Dieser Geist der Freiheit, der Geist Christi, der hat sich im Lauf der Geschichte auf ganz unterschiedliche Weise gezeigt. Er leitete Jesus auf seinem Weg mit den Menschen und ließ ihn immer das richtige Wort finden. Er sorgte beim ersten Pfingstfest dafür, dass Menschen aus aller Welt die Verkündigung der Apostel in ihrer eigenen Muttersprache hören konnten. Er sorgte immer wieder dafür, dass Christen im entscheidenden Moment die richtigen Worte zur Verfügung standen. Er ließ Menschen Zeichen und Wunder tun. Er ließ Christen »in Zungen reden«, also in einer Gebetssprache, die die Regeln von Grammatik und Wörterbuch hinter sich lässt und das Leiden der ganzen Kreatur zum Ausdruck bringt. Er hat in der Neuzeit ehemalige schwarze Sklaven und arme Weiße in Gemeinden zusammengeführt, die alle Kultur- und Klassenschranken überwinden konnten, weil sie von diesem Geist bewegt waren.
Der alternative Geist
Der Geist zeigt sich in so vielen verschiedenen Gestalten, er ist enorm wandlungsfähig, und ich habe mich lange gefragt, was es denn eigentlich ist, was all diese Manifestationen des Heiligen Geistes verbindet. Und hier bei Paulus finde ich mindestens einen Teil der Lösung: er ist der Geist, der sich den Gesetzen entzieht, die die Herren dieser Welt aufrichten und in unsere Köpfe pumpen. Er ist der Geist, den Gott uns schickt, damit wir auf seine Kraft vertrauen. Der Geist der uns die Kraft erschließt, die Jesus von den Toten auferweckt hat und die uns zu Fremden macht in einer Welt voller Kreuze und Zerstörung.

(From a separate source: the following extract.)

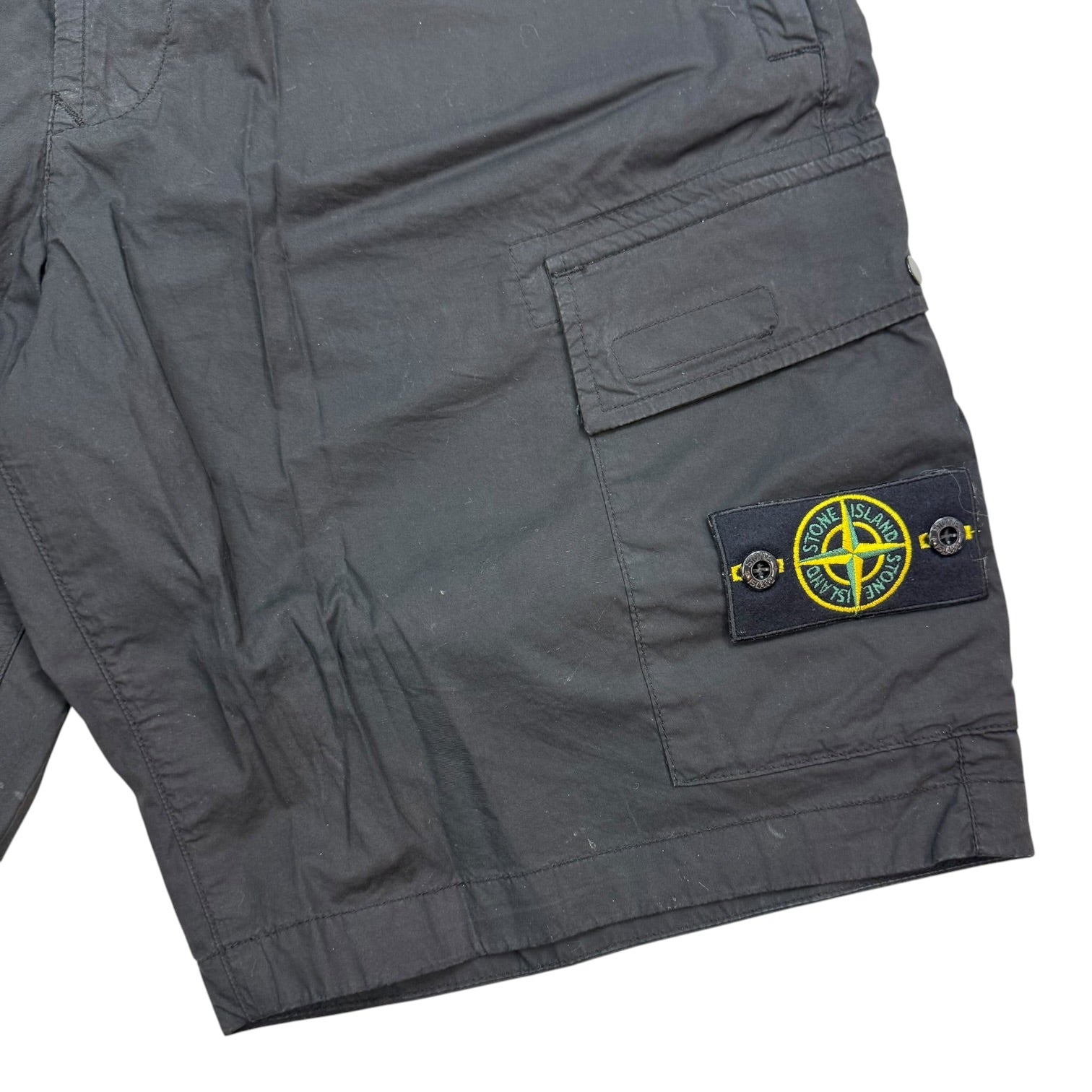 Stone Island Badge Cargo Shorts Black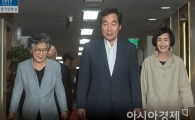 [포토]회의장 들어서는 이낙연 총리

Dieser Geist überwindet die Trennungen von Nationen, Sprachen und Kulturen, er befreit Menschen aus den Dominanzwünschen, die die Herren dieser Welt in uns heineinpflanzen, er befreit sogar aus unbewussten unterdrückerischen Sprachkonventionen, er macht aufmerksam auf das Leiden der ganzen Schöpfung und schenkt Menschen im richtigen Augenblick das befreiende Wort. Er kommt in vielen Formen zu uns. Aber er passt nicht zu den Selbstverständlichkeiten, die sonst in der Welt herrschen.
Man kann diesen Geist nicht empfangen, wenn man in der Logik der Welt drinsteckt, in der Logik menschlicher Machtkalkulationen und ihrer alternativlosen Sachzwänge und Eigengesetzlichkeiten. Man lebt nicht in diesem Geist, wenn man immer noch im Gerangel um die vordersten Plätze mit dabei ist. Er ist der Geist der großen Alternative, und wer nur in den kleinen Alternativen dieser Welt denkt, ist blind für ihn.
Wirkliche Größe
Der Heilige Geist gibt die Freiheit, all das mit den Augen Jesu zu sehen, dissident zu denken, sich nicht einfangen zu lassen, weder von den gottlosen Mächten, die in dieser Welt herrschen, noch von Querdenkern, die einen gottlosen Aufstand dagegen vortäuschen. Der Heilige Geist lässt uns auf Gottes Möglichkeiten schauen und vertrauen, und das macht so frei und unabhängig, dass man es nicht nötig hat, mit sich selbst groß zu tun.